La réémergence de la désinformation :
Ce récit a gagné du terrain presque immédiatement après la capture de Maduro, le 3 janvier. L’ancien président Donald Trump a amplifié les théories sur sa plateforme Truth Social, partageant des articles sur Dominion Voting Systems et Smartmatic – des sociétés qui étaient auparavant au centre d’allégations de fraude électorale sans fondement. Ces affirmations, réfutées à plusieurs reprises devant les tribunaux (notamment le règlement de 800 millions de dollars de Fox News avec Dominion), refont maintenant surface avec une vigueur renouvelée.

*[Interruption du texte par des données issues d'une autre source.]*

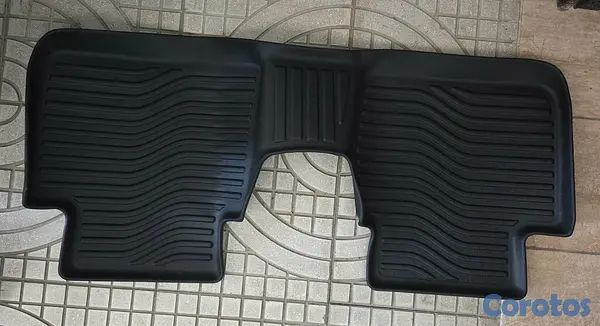 accesorios para vehiculos - Vendo de oportunidad conjunto de alfombras tipo bandejas para Honda HRV 2023 3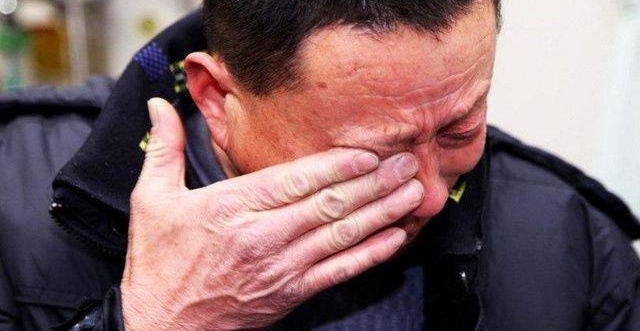 继父足不出户,每天“亲吻”女儿,真相让人落泪
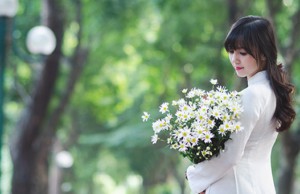 Im lặng không phải vì không muốn nói, mà là giữ lấy cơ hội ngàn vàng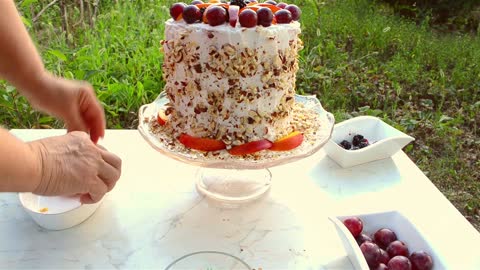 DIY: Simple and healthy watermelon cake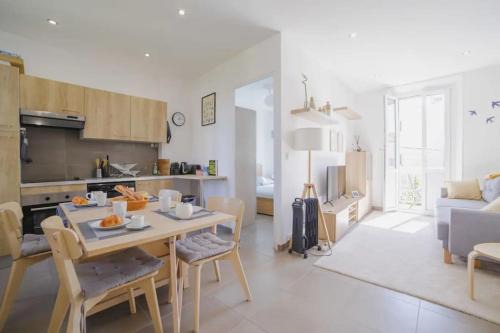 Riou - Petit Juas - Av de Grasse Apartment | Appartement familial, lumineux, calme avec parking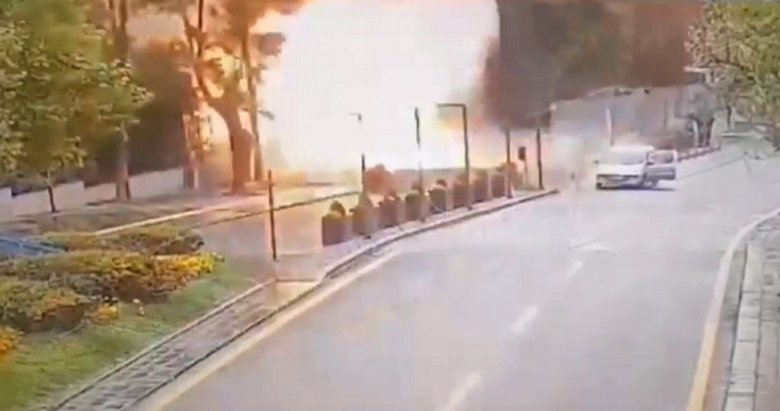 Ankara’da İçişleri Bakanlığı önündeki patlama anı kamerada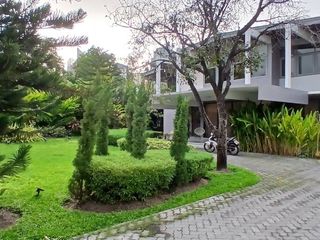 Casa en alquiler de 4 habitaciones en Watthana, Bangkok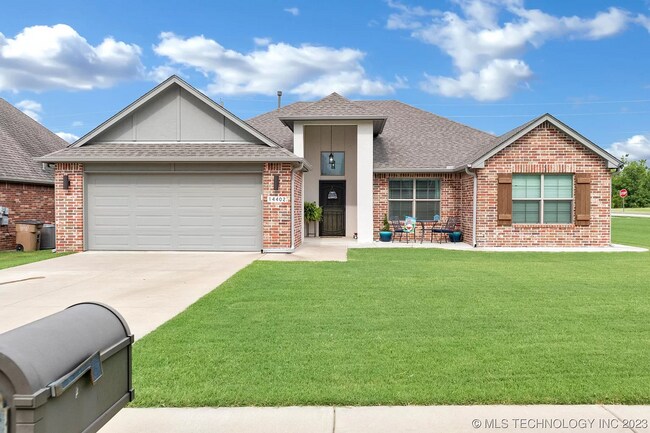 Foto del edificio - Stunning 4 Bed 2 Bath In Quiet Neighborhood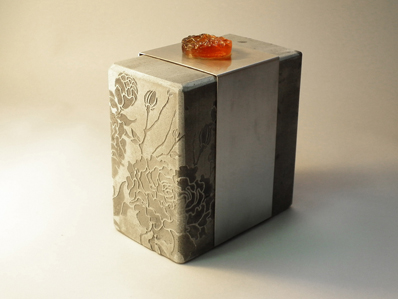 2012 Catalog-Stone Peony Paperweight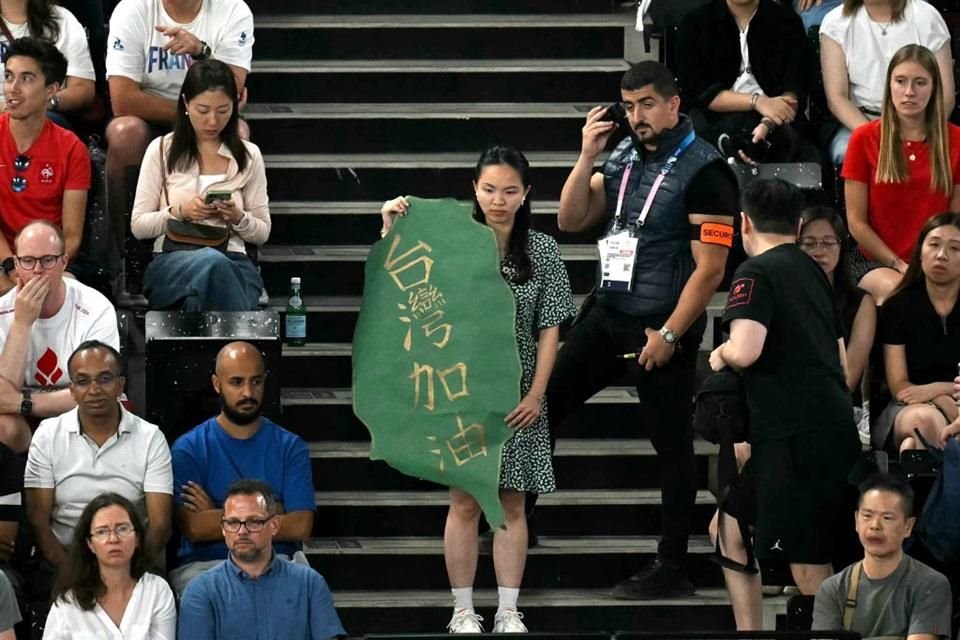 Esta aficionada sufrió el robo de su cartel, también en un juego de bádminton.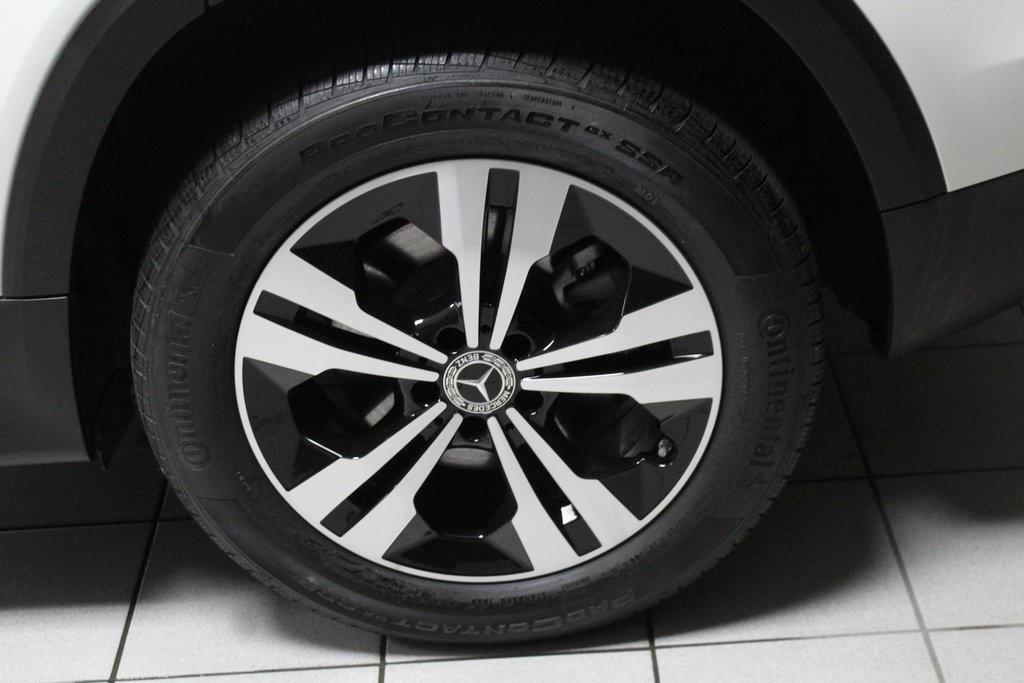 used 2025 Mercedes-Benz GLB 250 car, priced at $39,498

Chiffres clés alimentant le complot :
L’influenceur QAnon Chad Vivas, photographié avec Trump dans le passé, a partagé un message de Trump à propos de Dominion, le liant faussement au trucage des élections vénézuéliennes. Sean Davis, PDG du magazine conservateur The Federalist, a émis l’hypothèse que Maduro pourrait fournir des preuves du vol des élections s’il était inculpé. Jordan Sather, un autre promoteur éminent de QAnon, a suggéré que le Venezuela avait été utilisé par l’État profond pour blanchir la technologie de trucage des élections.

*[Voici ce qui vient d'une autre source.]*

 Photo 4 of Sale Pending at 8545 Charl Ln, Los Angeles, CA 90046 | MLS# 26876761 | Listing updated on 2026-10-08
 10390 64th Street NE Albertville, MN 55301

Absence de confirmation officielle :
La Maison Blanche a refusé de dire si des allégations de fraude électorale avaient été prises en compte dans la décision de capturer Maduro. Ce silence alimente encore davantage les spéculations parmi les théoriciens du complot, qui affirment que l’opération était motivée par une vengeance suite aux élections de 2020.

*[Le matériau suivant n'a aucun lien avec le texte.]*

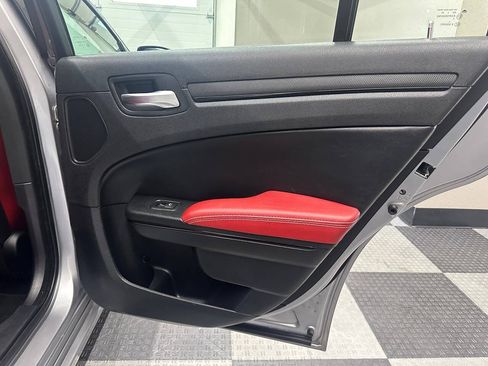 Used 2013 Chrysler 300 S RWD image 26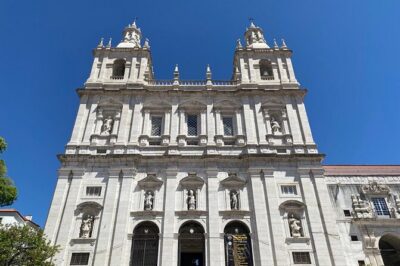 Private 1H30 Tuk Tuk Tour in Lisbon City - Where the tour starts: Time Out Market as your easy meeting point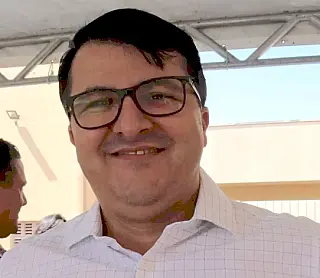 Ex-prefeito paga leilão com cheque sem fundo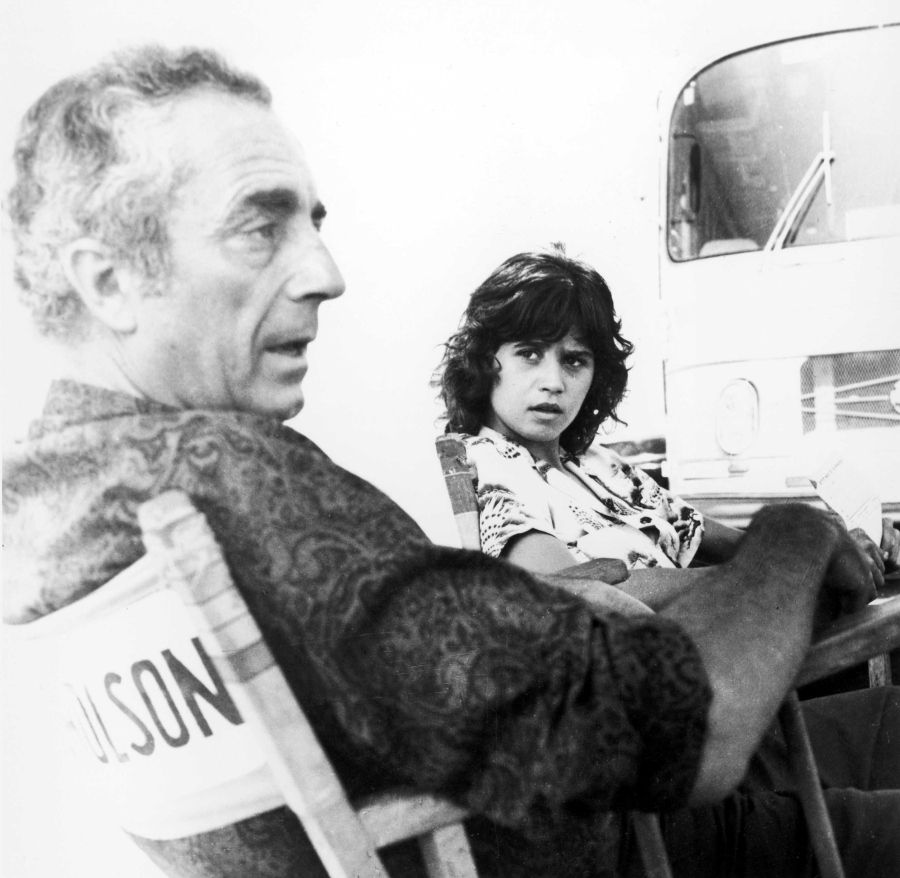 Michelangelo Antonioni et Maria Schneider sur le tournage de Profession : reporter (1974)
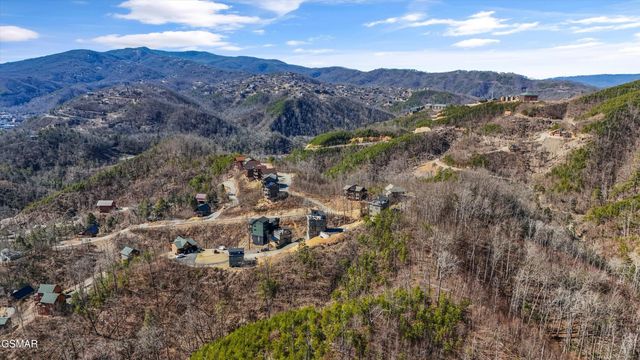 287 Laurel Oaks Way, Gatlinburg, TN 37738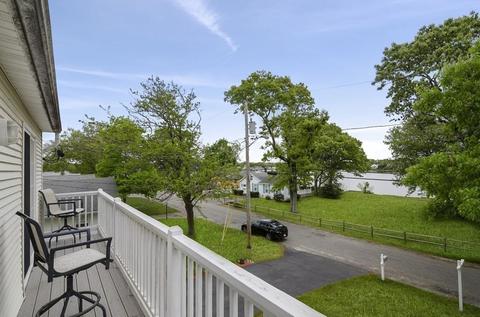 18 Broadmarsh Ave, Wareham, MA 02571 photo 4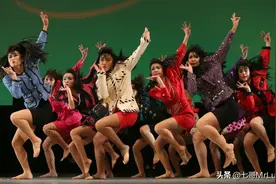 超短裙、大浓妆、高垫肩，她们让一亿人认识了上世纪日本富婆大妈图片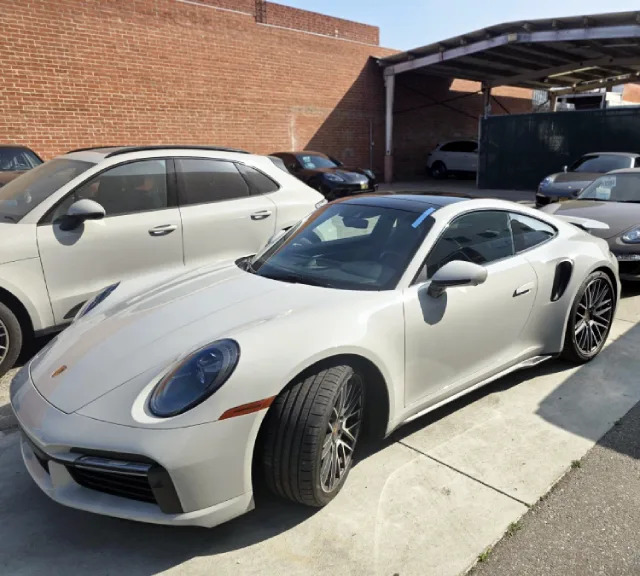 Porsche Windshield Replacement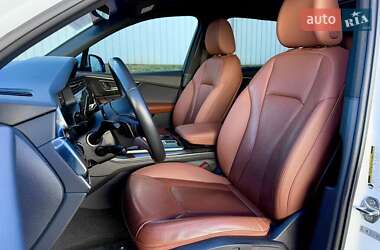 Внедорожник / Кроссовер Audi Q7 2021 в 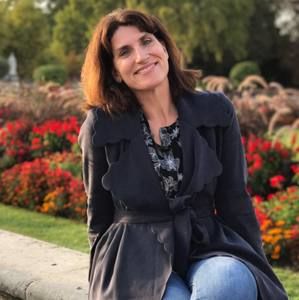 Meet your Posher, Debbie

Racines historiques de la conspiration :
Les théories remontent au lendemain des élections de 2020, lorsque Trump et son équipe juridique ont avancé des allégations de fraude non fondées. Sidney Powell, l’un des avocats de Trump, a été parmi les premiers à accuser Smartmatic d’avoir aidé à truquer les élections au Venezuela et d’avoir prétendument reproduit le stratagème aux États-Unis.
Rhétorique croissante :
La rhétorique entourant ces théories est devenue de plus en plus extrême. Emerald Robinson, animatrice de la plateforme de streaming de Mike Lindell, a affirmé qu’elle et d’autres avaient été ciblées pour avoir promu ces affirmations, suggérant même de la violence contre ceux qui ne les croient pas.
Mobilisation pour 2026 :
Les groupes négationnistes se mobilisent déjà pour les élections de mi-mandat de 2026, poussant des affirmations sans fondement sur le vote des immigrants et tirant parti de l’accès à l’administration Trump pour diffuser leurs théories. Cela démontre une volonté persistante de saper les processus démocratiques sur la base d’allégations infondées.
La résurgence de ces complots souligne l’influence durable du négationnisme électoral et la volonté de certaines personnalités d’exploiter les événements géopolitiques pour renforcer les faux récits. Le manque de preuves crédibles n’a pas dissuadé ses partisans, suggérant une stratégie à long terme visant à délégitimer les résultats électoraux.